Thursday, 2 June 2011

Mis-conceptions with Bitwise operators

“Bitwise operations are really important in all kinds of embedded systems.. and the things that you do are all on base 2. mostly, these operators are not used much in application programming.. But very useful for systems & memory optimized programs.!! If you write algorithms to save memory, knowing bitwise is a must”
    Let’s start with ground basics for binary..
   In a 32-bit binary, you should know that, based on the location of the 1 in it, 2^n varies..
That is, 0000 0001 – 2^0                0000 0100 - 2^2             0001 0000 - 2^4
            0000 0010 – 2^1                 0000 1000 - 2^3             0010 0000 - 2^5
So, the series is like 1, 2, 4, 8, 16,.. The in-between numbers permute. i.e, 2->4.. If you take the count of numbers between these, you will get a series, 0, 1, 3, 7, 9, 15… 

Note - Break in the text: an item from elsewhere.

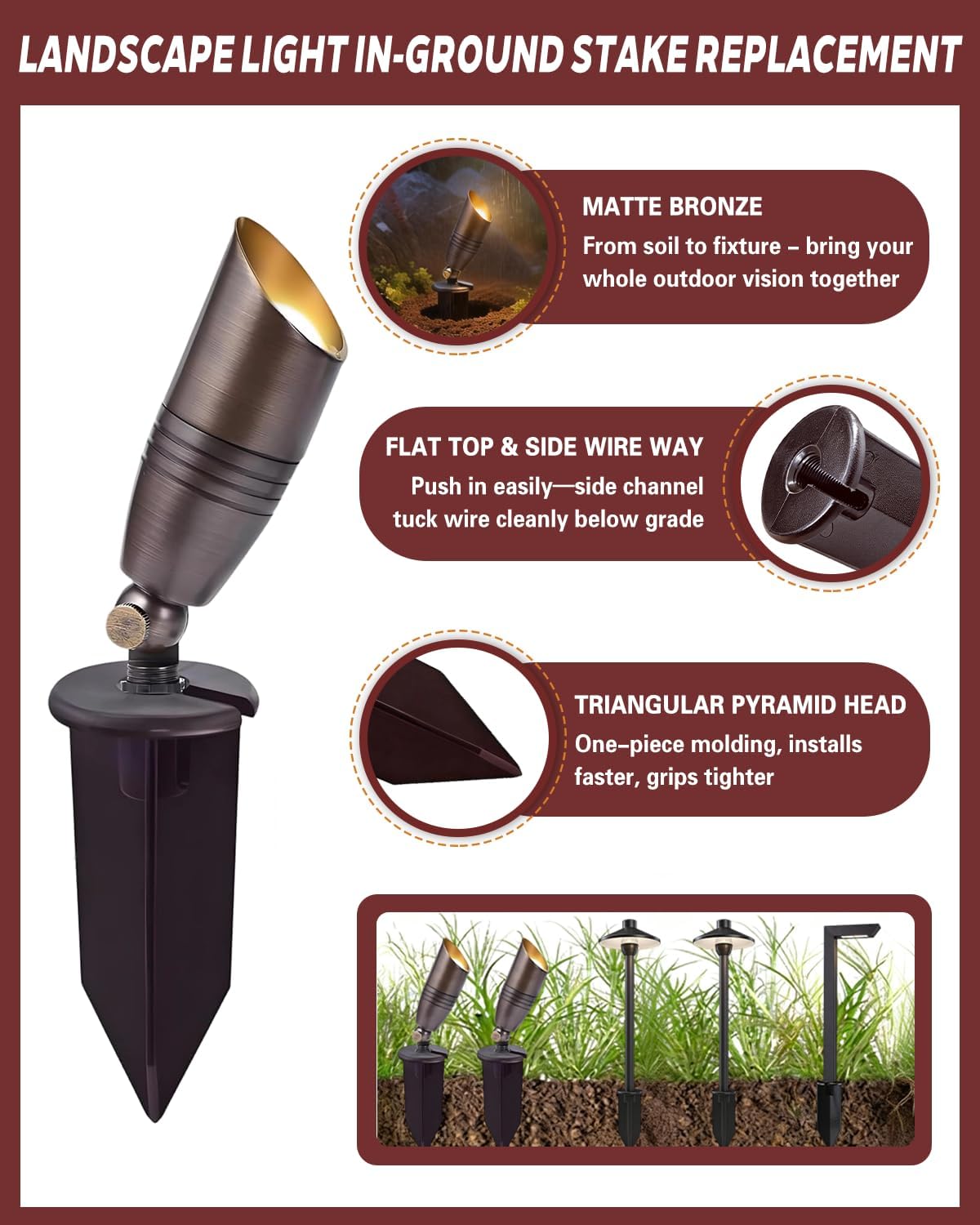 10 Pack 8'' Landscape Light Stakes, 1/2" NPT Thread ABS Light Spikes, Outdoor Ground Stakes with Side Wire Way, Garden Yard Replacement Stake for Landscape Lighting/Pathway Lights/Spotlights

This is how mapping between a binary and a decimal is done.. hexadecimal number is just the grouping of 4-bits..  that is, < 2^4..
With all these bits, you can do logical bitwise operations, AND, OR, NOT, XOR.
  • OR – its used for masking. In a embedded system, there will be a 32-bit status register. To set or turn on a flag in this 32-bit, you will use a mask and | it with the already existing status bit.
  • AND – its used for verifying whether a particular bit is set. mostly used to check whether a particular status bit is set in the register
  • XOR – its for toggling the bits. used for set/reset!!.. only if you have different bits, you get 1. otherwise, its all zero. that’s why, it can convert 1 –> 0 and if 0 is there then 1.
  • NOT – mostly for turning off a flag.
If you have a 8-bit flag. Then you get the following constants defined,
static final int flagAllOff = 0;  //         000...00000000 (empty mask)
static final int flagbit1 = 1;    // 2^^0    000...00000001
static final int flagbit2 = 2;    // 2^^1    000...00000010
static final int flagbit3 = 4;    // 2^^2    000...00000100
static final int flagbit4 = 8;    // 2^^3    000...00001000
static final int flagbit5 = 16;   // 2^^4    000...00010000
static final int flagbit6 = 32;   // 2^^5    000...00100000
static final int flagbit7 = 64;   // 2^^6    000...01000000
static final int flagbit8 = 128;  // 2^^7    000...10000000
Example, Now, take a integer status register(statusreg) with all 0.
1. Set bit-3,7 in the status register (using OR)
   statusreg |= flagbit3
   statusreg |= flagbit7
2. test whether bit-7 is set or not, (using AND)
    if((statusreg & flagbit7) == flagbit7)  // bit 7 is set
3. toggle bit-5, (using XOR)
   statusreg ^= flagbit5
4. set the bit-5 to zero. Using NOT, AND operator
   statusreg & ~flagbit5
5. combining masks using OR. set bit 5 and 6.
   statusreg & (flagbit5 | flagbit6)
6. XOR has a special property.. if u XOR same number, you get zero. 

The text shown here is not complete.